“It looked bigger in the picture”
We spoke recently about weighing food ready to sell, in this instalment we’ll look at picking the correct size container for your food. Perhaps you have that great new food line sat in a bowl or the bottom of the saucepan and now you need to sort some packaging out. This guide should look and sound familiar enough to many busy chefs, often short of time – you know how it is, a million things going on at once and you’re doing it all at the wrong end of the day. Websites are great, packed full of information and photos, capacities too. But it’s just not the same is it?

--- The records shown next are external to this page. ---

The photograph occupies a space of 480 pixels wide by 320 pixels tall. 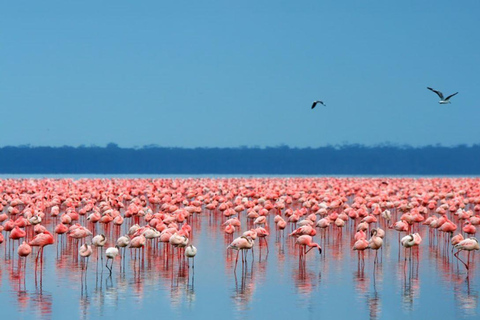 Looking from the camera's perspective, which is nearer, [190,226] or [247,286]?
[247,286]

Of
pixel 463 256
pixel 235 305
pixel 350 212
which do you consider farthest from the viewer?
pixel 350 212

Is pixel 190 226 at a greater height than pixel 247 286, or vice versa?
pixel 190 226

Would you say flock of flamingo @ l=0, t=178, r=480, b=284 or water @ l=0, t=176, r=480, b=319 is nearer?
water @ l=0, t=176, r=480, b=319

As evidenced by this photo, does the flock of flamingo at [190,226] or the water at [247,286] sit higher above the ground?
the flock of flamingo at [190,226]

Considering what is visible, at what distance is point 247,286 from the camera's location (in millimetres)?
16953

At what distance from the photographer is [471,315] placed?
46.9 ft

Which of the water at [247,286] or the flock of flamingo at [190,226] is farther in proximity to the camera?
the flock of flamingo at [190,226]

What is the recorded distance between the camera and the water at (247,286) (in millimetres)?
14609

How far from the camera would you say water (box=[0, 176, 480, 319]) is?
47.9 ft

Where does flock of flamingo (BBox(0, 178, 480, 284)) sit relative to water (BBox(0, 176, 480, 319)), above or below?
above

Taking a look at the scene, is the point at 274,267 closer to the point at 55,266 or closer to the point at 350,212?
the point at 55,266

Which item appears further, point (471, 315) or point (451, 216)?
point (451, 216)

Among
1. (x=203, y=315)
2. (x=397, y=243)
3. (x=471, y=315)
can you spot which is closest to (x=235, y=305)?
(x=203, y=315)

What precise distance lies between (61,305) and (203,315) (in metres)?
2.41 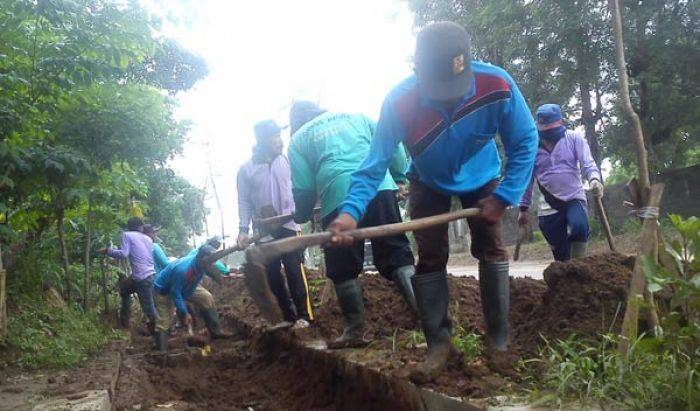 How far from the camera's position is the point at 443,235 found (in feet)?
10.9

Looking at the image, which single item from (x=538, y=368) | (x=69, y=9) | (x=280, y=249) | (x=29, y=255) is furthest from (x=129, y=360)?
(x=538, y=368)

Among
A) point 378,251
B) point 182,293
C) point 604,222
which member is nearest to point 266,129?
point 378,251

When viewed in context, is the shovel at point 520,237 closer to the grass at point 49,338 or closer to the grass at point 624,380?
the grass at point 624,380

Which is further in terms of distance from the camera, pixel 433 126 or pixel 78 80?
pixel 78 80

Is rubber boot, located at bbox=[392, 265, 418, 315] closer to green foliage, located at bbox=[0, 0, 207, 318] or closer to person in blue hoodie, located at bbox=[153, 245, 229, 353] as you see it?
green foliage, located at bbox=[0, 0, 207, 318]

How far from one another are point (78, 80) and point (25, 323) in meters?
2.75

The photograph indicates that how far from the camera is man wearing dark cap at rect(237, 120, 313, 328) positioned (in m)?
5.70

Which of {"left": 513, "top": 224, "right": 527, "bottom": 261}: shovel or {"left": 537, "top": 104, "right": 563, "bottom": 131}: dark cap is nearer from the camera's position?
{"left": 513, "top": 224, "right": 527, "bottom": 261}: shovel

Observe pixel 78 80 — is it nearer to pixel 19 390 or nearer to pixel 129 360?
pixel 19 390

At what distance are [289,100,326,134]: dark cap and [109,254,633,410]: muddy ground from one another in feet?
5.48

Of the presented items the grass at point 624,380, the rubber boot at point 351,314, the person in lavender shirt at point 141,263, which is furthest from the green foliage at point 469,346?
the person in lavender shirt at point 141,263

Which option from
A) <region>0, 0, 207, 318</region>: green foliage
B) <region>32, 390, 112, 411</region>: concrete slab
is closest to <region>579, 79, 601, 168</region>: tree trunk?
<region>0, 0, 207, 318</region>: green foliage

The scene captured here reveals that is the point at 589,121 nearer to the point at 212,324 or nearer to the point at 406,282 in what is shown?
the point at 212,324

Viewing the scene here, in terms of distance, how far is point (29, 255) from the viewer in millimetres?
7707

“Yeah, but I can take a rough guess”
You can, and many do. A couple of days later, we’re talking to customers looking to return something as it’s not quite right. If you’ve ever played this game, it’s costly, wastes time and it’s a whole load of faff isn’t it? A slightly too big container = potential overfill, loss of profit and/or feedback from your customers that you’re skimping on portions. This method works for liquid, dry, solid and somewhere in between food – so pretty much everything.
“Makes sense, I’ve wasted so much time and money in the past. Show me how it’s done then.”

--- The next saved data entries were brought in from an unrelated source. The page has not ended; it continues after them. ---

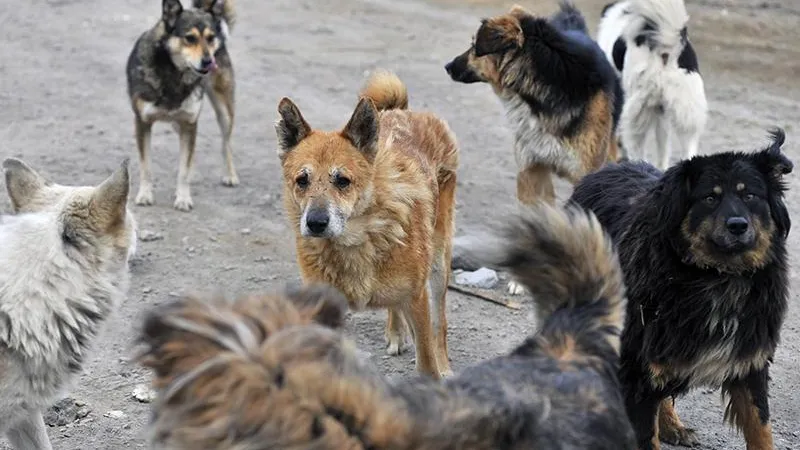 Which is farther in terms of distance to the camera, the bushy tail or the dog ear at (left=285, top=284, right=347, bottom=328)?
the dog ear at (left=285, top=284, right=347, bottom=328)

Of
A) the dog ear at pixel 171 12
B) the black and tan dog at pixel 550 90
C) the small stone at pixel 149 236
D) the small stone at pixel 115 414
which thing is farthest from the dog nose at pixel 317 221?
the dog ear at pixel 171 12

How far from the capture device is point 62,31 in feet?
48.9

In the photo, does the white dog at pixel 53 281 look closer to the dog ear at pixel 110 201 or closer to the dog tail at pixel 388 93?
the dog ear at pixel 110 201

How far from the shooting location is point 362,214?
5371 millimetres

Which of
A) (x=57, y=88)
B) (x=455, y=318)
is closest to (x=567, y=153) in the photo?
(x=455, y=318)

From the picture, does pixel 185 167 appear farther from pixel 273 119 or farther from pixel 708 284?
pixel 708 284

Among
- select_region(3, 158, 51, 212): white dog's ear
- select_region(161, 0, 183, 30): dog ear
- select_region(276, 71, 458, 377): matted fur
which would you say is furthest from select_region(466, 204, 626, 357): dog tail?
select_region(161, 0, 183, 30): dog ear

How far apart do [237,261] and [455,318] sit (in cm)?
179

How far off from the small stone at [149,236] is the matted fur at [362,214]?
2.72 m

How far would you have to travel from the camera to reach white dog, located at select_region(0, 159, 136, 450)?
162 inches

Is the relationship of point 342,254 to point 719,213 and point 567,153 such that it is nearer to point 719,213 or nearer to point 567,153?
point 719,213

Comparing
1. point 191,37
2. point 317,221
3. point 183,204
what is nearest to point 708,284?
point 317,221

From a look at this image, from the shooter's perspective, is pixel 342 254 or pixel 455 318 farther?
pixel 455 318

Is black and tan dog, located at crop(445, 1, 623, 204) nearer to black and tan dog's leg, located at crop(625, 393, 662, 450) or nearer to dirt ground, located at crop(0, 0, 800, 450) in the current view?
dirt ground, located at crop(0, 0, 800, 450) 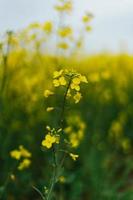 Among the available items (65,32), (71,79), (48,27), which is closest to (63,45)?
(65,32)

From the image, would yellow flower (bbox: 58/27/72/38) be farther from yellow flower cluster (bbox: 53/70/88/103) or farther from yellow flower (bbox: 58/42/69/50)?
yellow flower cluster (bbox: 53/70/88/103)

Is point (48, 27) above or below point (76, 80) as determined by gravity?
above

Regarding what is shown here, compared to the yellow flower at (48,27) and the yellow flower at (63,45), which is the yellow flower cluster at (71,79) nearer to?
the yellow flower at (63,45)

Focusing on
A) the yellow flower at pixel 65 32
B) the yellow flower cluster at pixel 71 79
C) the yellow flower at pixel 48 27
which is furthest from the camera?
the yellow flower at pixel 48 27

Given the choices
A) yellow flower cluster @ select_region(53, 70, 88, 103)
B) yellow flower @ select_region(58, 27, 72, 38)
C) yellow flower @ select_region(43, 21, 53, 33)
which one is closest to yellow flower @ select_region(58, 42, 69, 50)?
yellow flower @ select_region(58, 27, 72, 38)

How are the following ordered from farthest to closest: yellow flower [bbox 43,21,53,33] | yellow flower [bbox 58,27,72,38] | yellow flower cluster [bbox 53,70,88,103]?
yellow flower [bbox 43,21,53,33] < yellow flower [bbox 58,27,72,38] < yellow flower cluster [bbox 53,70,88,103]

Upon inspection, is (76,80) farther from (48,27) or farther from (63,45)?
(48,27)

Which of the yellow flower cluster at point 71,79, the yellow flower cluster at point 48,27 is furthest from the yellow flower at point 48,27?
the yellow flower cluster at point 71,79

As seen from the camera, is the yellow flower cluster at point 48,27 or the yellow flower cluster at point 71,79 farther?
the yellow flower cluster at point 48,27

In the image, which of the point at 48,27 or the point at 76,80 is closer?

Alright, here we go. All you need are a set of scales, and something big enough to hold an intended portion of your food. (In this case, cooked rice) If your kitchen jug is in the back of the fridge with baked beans in it, no problems. You can use anything – mug, jug, pint glass, vase, as long as you can put it on your scales and see the read out.
- This is a bulk batch of rice, just cooked off. (Smells great!) It’s too big for a portion though.

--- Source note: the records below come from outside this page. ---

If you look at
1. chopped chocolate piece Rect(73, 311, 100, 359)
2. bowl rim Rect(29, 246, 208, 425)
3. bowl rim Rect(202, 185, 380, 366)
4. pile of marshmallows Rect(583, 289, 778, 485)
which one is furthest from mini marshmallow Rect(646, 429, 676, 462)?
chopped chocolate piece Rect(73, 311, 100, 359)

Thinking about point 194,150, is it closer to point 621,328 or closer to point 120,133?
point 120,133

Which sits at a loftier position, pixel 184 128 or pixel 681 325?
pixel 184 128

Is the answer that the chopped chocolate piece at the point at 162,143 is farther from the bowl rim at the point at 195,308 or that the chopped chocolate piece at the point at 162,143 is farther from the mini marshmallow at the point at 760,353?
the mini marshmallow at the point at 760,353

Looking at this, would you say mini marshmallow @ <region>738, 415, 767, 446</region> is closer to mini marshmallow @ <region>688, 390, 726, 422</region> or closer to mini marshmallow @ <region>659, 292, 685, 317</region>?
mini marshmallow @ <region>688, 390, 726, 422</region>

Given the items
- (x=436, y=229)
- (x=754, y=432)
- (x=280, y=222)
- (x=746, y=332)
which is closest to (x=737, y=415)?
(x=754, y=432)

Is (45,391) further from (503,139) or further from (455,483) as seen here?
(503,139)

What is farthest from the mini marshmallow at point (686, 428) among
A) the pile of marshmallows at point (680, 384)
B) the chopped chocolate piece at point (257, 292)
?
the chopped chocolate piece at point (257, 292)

- The rice in the bowl is the portion I want to sell, so I need a container for it.
- I’ve found an old 800ml Tamper Evident Container in the back of the cupboard. It’s too big as the empty space is basically wasted money.
- This leads us to the last picture. Flatten the rice in the container, and make a mark on the outside to indicate the level the rice fills to. I’ve used masking tape, but if you’ve had a rough day, a nick with your knife will do the job, a blue plaster, elastic band, marker – you get my drift. Make use of what is to hand!
Empty your rice out, and give the container a rinse out. Weigh the container whilst its empty and make a note.
Fill the container with water to your knife nick / plaster / elastic band / masking tape line. This is the volume your rice takes up. Remember, 1ml of cold water = 1 gram. In this example, our rice needs a container with a capacity of at least 400ml (the container weighs 16g)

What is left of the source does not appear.